PF BCP38 PF implementation

[John Watson]

BCP (Best Common Practice) 38 concerns IP address spoofing and is recommended by everyone including FreeBSD. PF has the antiproof keyword. I have three questions:
Is PF antispoof an adequate implementation of BCP38?
Should antispoof be run on all interfaces apart from loopback ?
If an interface is using DHCP and loses its IP address, antispoof will likely drop all packets. Are there any unintended consequences to this after reconnection?
Thanks for any feedback.

 

[SirDice]

If an interface is using DHCP and loses its IP address, antispoof will likely drop all packets.

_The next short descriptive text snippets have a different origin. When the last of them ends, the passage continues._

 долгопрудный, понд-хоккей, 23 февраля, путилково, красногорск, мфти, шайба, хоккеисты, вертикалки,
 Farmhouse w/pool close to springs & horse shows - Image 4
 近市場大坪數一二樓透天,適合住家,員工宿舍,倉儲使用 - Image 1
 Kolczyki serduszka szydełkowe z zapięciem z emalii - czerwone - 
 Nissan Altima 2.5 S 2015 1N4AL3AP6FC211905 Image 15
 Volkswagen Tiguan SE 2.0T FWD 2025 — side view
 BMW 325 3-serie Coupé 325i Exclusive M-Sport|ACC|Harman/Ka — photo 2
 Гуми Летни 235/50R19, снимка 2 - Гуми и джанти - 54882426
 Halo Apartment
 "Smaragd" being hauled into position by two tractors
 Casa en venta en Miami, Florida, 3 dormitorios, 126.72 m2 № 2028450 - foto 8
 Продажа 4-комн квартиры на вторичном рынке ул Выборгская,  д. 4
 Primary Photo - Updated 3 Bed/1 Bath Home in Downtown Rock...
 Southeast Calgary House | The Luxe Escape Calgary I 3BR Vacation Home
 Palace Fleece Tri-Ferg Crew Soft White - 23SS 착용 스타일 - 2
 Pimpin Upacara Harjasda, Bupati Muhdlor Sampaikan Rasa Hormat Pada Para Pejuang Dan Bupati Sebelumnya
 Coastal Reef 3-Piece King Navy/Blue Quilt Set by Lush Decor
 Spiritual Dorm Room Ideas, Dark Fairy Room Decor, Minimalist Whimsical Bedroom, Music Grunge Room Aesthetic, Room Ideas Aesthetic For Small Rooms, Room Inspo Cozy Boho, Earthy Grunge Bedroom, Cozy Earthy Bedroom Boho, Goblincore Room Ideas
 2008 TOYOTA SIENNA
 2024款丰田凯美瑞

If the interface loses its IP address packets won't even arrive any more, so there's nothing to drop.

 

[max21]

....
Should antispoof be run on all interfaces apart from loopback ?

This is my first time hearing about BCP38. The rules below may be an over-kill but it covers everything and I been using it for years. pftop is now a boar. It seems that the bad guys and gals care nothing of me anymore.

IN THIS ORDER:

antispoof for lo
antispoof for $_nic inet
antispoof quick for ($_nic)
block in quick inet6 all
block out quick inet6 all

block in on $_nic all                                                       
block out on $_nic all

So yes, I think it should run on all interfaces. Why not when it can?

I'm glad I caught your thread. It lead me to change lo0 to lo. So I had it incomplete all this time. But I know it works, I monitor well.

 

[John Watson]

If the interface loses its IP address packets won't even arrive any more, so there's nothing to drop.

I was thinking of an event where the interface temporarily loses its IP address or doesn't have one assigned until after PF loads a ruleset.